The Enterprise recently published an obituary on Milton J. Eberle, Sr. Judging by the photograph and text, Mr. Eberle was most notably involved in aspects of the United States air forces.
Reading further, though, we find he also participated in a number of business activities, including ownership of the Terminal/Aggie Hotel. Apparently he, or members of his family, owned the building from the mid-‘60s to the later ‘70s.
A bit of information on that structure and its G Street setting is provided in the accompanying excerpt from p. 72 of Demolishing a Historic Hotel.
The Terminal/Aggie Hotel was a significant commercial/retail property in its time.
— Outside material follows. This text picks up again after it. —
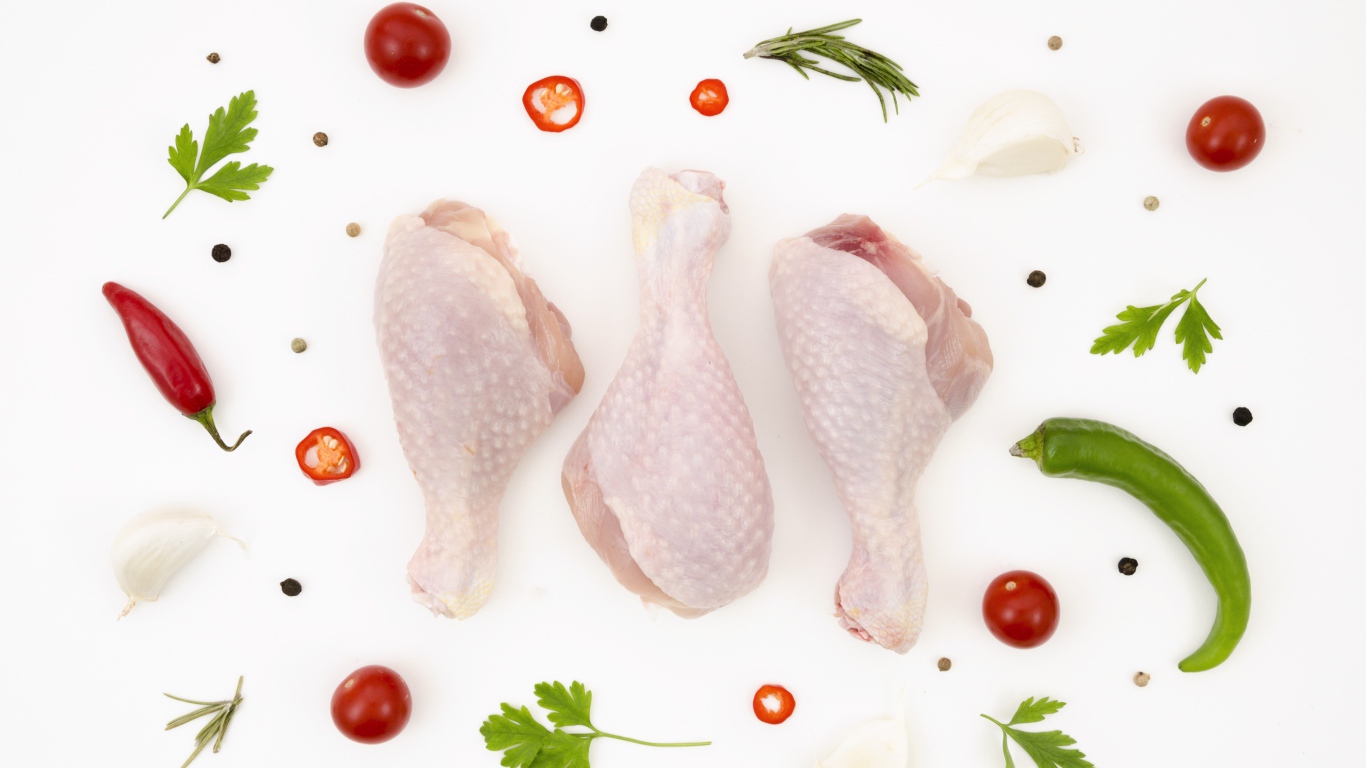 Свежие куриные бедра с перцем и помидорами на белом фоне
Its relationship to this one-time owner prompts me to reflect that the owners of commercial properties in Davis have varied historically in two important ways.
One, a number of them have not lived in Davis or at least have had little involvement in Davis as an social entity.
Two, a number have owned and managed commercial properties as a sideline or even hobby rather than as a serious, full time occupational engagement.
If each of these two variables is thought of as having only two values we can speak of 1) local full-time owners, 2) local sideline owners, 3) out-of-town full time owners, and 4) out-of-town sideline owners.
I do not know in a systematic quantitative way how owners of Davis commercial property currently distribute across these four categories, or how this distribution may or may not have changed over the decades.
But, my impression is that Davis has had--both at present and historically--a surprising (to me at least) number of commercial property owners who were or are out-of-towners or for whom ownership was a sideline, secondary, or retirement career occupation. Do these variations make a difference in the character of the properties?